The Last Emperor was helmed by Italian director Bernardo Berlotucci and it feels European in its grand scope and leisurely pacing. It was the first Western film authorized by the PROC to be filmed in the Forbidden City in Beijing, so naturally all of the sets and locations are authentic and grand. It is completely understandable why it won Oscars for art direction, cinematography and especially costume design. The music by Ryuichi Sakamoto is also very strong.
However, in many ways it felt like a foreigner telling a Chinese story. The Last Emperor is about the life of Puyi, the last Emperor of China. Evidently they based the screenplay off of Puyi’s autobiography, which is odd because so much of it rang flat and false.
To begin with, having all the characters speak English feels like an almost mocking choice. It takes you out of the scenes because this is supposed to be a serious movie and they are so obviously not speaking the right language. It’s one thing for an Indiana Jones movie to have accents but an epic masterpiece like The Last Emperor? Not so much. I guess you could make the argument it is in the traditions of old school epics like The Ten Commandments but those movies had stronger narratives to make up for the cultural awkwardness.
Speaking of story, it boggles my mind that The Last Emperor won Best Adapted Screenplay because the narrative is very weak. We see many events happen to Puyi but I never felt sorry for him or invested in his character. For most of the movie he came across as a spoiled brat without much nuance or introspection. Towards the end he grows as a person as he is incarcerated by the communists, but I still felt distant and like I never truly understood him. We are told Puyi is the “loneliest boy on earth” but he just felt like the blandest.

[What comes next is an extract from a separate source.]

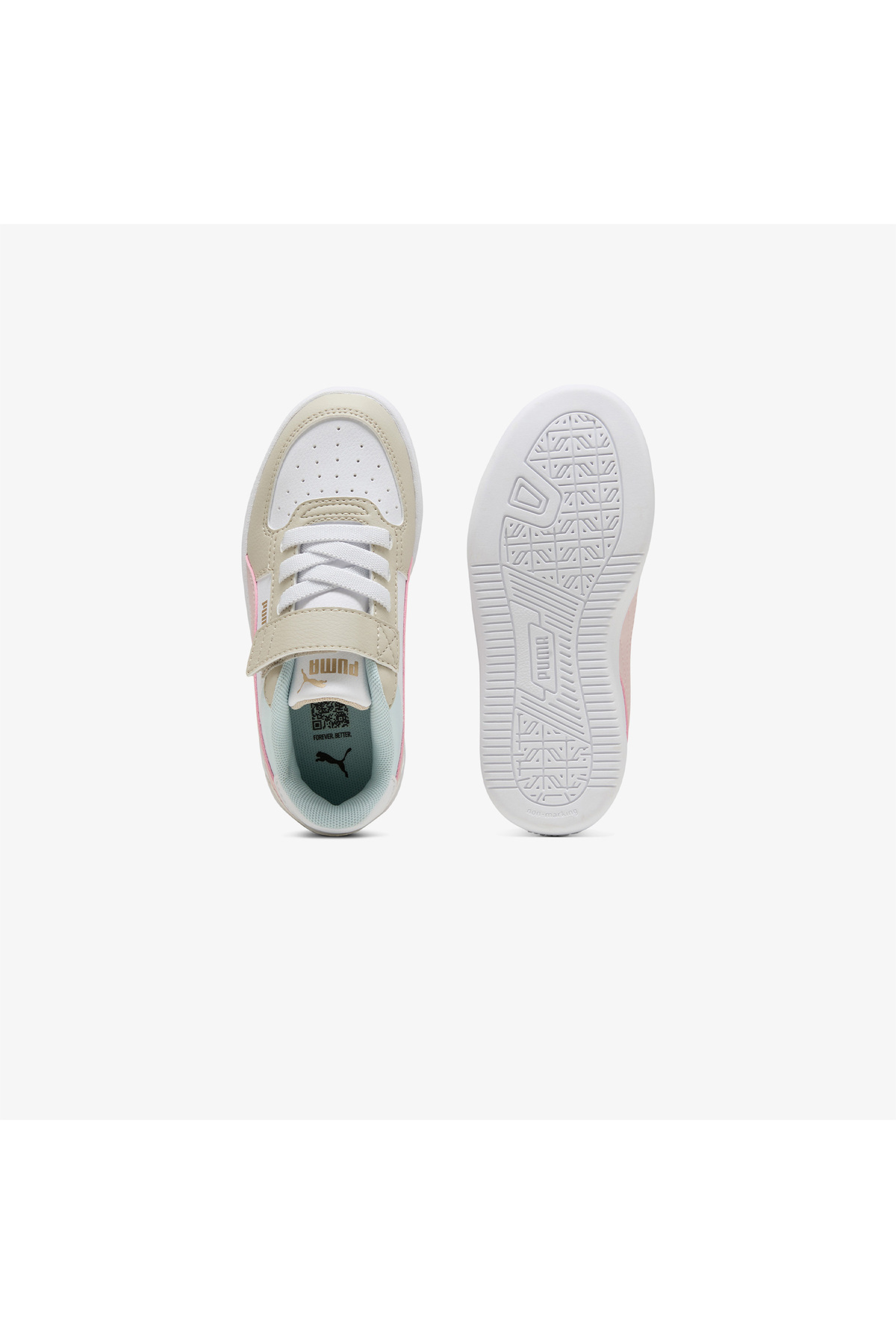 Puma-Low Boot, Regular, Colorful 4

Some of the side characters are more interesting like his main wife Wanrong. She kind of has a lesbian relationship yet does seem to love Puyi and want him to succeed, which could have been interesting but it isn’t really explored in a satisfactory way. She’s a lonely character and I wish we got to know her better and have more time with her. Peter O’Toole is good as Puyi’s British tutor Reginald Johnston. He both kowtows and challenges the Chinese royal establishment, but even he could have been used more effectively and challenged more as a character.
The frustrating thing is I can tell Puyi’s story is fascinating having gone from opulence to a puppet emperor to a prisoner and a common man all in one life. But the screenplay in The Last Emperor delivers that compelling story without any tension or emotional heft. It all landed like a thud and was really quite boring. I didn’t care about his character and the interesting parts were more like reading a textbook than watching a compelling narrative. It needed a Steven Spielberg type voice to come in with sweeping moments of drama and tension to sell the soapy dialogue and characters. That might have worked better.
I kind of wish they would remake The Last Emperor. I don’t think many are too attached to this version and there is a good story in there to tell. A modern filmmaker could have all the good qualities of this film but make it in Mandarin with a better, more compelling script and it could be an amazing film.
I can see why other people like The Last Emperor, and I do commend it for its production design, costumes, cinematography and music but it didn’t work for me as a movie. It was bland, culturally awkward and plodding. I’m glad I checked it off my blind spot list but it is definitely one I will never watch again.